Problem statement —
From the line holding "House in Crestview, Florida" through the line holding "Description Picture 4" below, write out every line exactly; include both of those lines and drop the pictures.

Recorded information —

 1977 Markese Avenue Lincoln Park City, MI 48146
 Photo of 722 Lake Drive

==

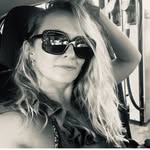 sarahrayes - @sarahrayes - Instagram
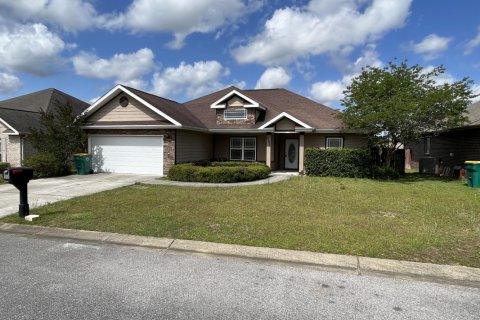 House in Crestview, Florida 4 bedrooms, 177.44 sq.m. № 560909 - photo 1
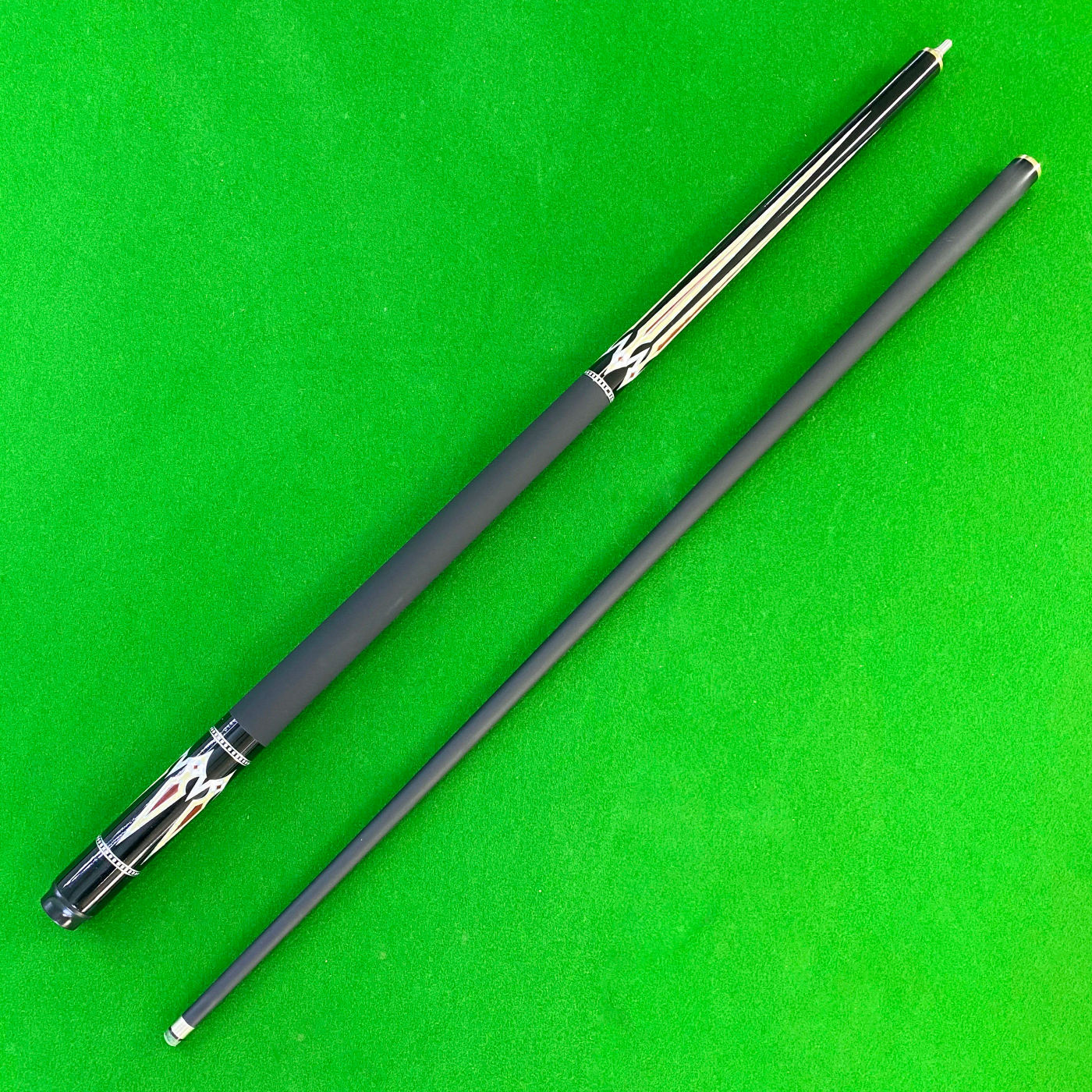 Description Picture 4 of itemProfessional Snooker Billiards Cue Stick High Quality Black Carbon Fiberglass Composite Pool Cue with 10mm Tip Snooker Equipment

Solved exercise —
 House in Crestview, Florida 4 bedrooms, 177.44 sq.m. № 560909 - photo 1
 Description Picture 4 of itemProfessional Snooker Billiards Cue Stick High Quality Black Carbon Fiberglass Composite Pool Cue with 10mm Tip Snooker Equipment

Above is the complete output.